- _Task brief_
For the records below, output word for word the lines from the one with "3 Inch Inflatable" up to and including the one with "entryway featuring dark". No pictures.

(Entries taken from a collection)
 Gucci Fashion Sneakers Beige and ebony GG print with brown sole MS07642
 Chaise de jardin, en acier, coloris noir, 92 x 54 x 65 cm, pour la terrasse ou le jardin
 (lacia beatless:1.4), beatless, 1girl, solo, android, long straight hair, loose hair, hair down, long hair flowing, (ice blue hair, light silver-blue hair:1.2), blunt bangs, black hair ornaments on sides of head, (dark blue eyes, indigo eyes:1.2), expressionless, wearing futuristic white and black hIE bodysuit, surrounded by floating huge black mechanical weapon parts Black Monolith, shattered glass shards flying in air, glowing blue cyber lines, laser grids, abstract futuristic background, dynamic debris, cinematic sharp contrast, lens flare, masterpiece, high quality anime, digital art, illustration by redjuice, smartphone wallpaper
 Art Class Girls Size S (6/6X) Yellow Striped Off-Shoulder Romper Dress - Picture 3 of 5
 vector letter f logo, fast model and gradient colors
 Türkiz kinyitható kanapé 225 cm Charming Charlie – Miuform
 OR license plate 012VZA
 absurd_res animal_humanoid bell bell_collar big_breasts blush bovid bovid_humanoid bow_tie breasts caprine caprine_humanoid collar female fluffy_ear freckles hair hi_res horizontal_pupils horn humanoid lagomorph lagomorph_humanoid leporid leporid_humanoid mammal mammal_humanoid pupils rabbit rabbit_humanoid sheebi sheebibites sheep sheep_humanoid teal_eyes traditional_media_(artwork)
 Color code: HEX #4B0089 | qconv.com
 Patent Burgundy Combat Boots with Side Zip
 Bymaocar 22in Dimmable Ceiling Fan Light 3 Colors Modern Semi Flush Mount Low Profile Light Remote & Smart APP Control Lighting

==

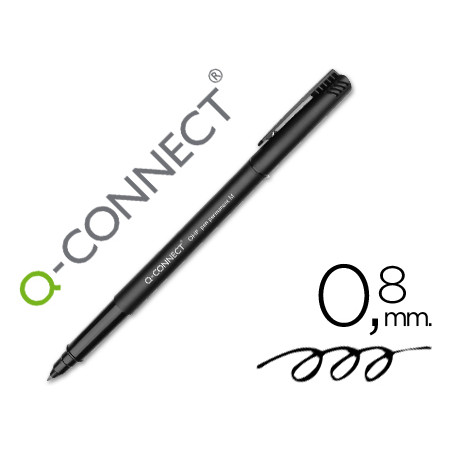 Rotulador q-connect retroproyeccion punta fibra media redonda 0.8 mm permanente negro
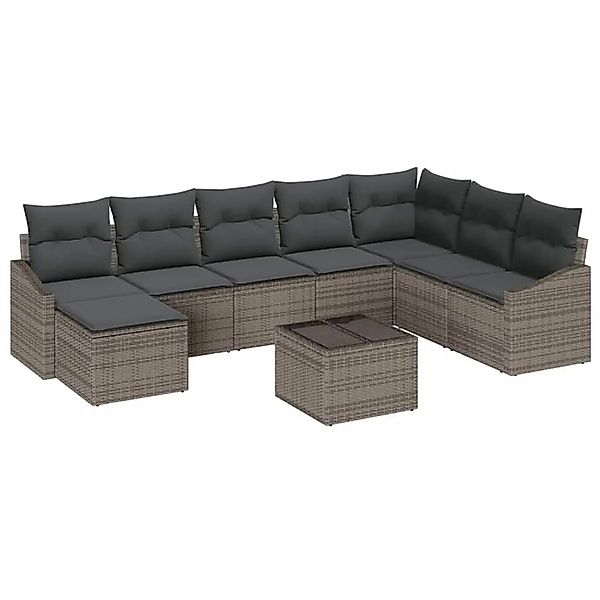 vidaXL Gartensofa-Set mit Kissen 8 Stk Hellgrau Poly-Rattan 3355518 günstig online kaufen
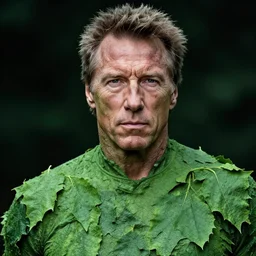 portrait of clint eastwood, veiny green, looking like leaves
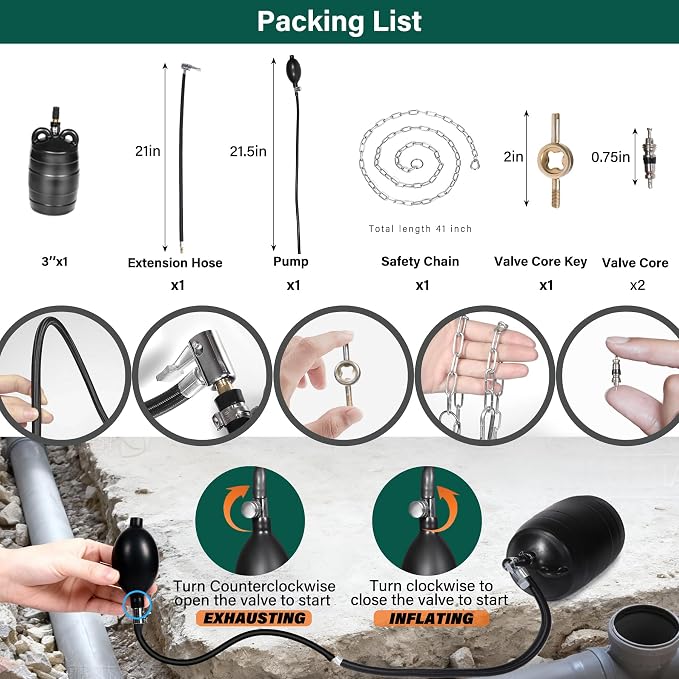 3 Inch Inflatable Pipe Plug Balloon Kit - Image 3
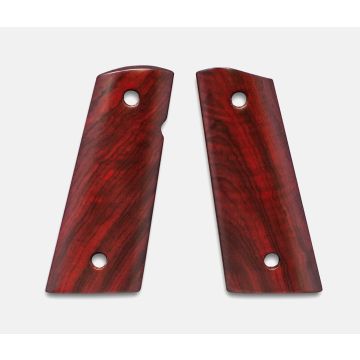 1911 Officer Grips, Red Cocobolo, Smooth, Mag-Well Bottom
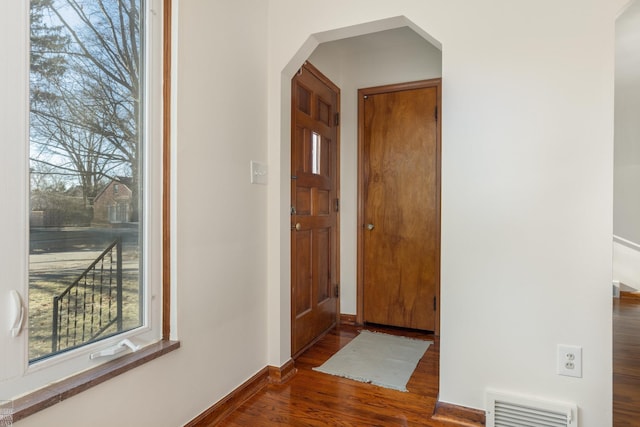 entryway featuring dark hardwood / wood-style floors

- _Task response_
 3 Inch Inflatable Pipe Plug Balloon Kit - Image 3
 1911 Officer Grips, Red Cocobolo, Smooth, Mag-Well Bottom
 entryway featuring dark hardwood / wood-style floors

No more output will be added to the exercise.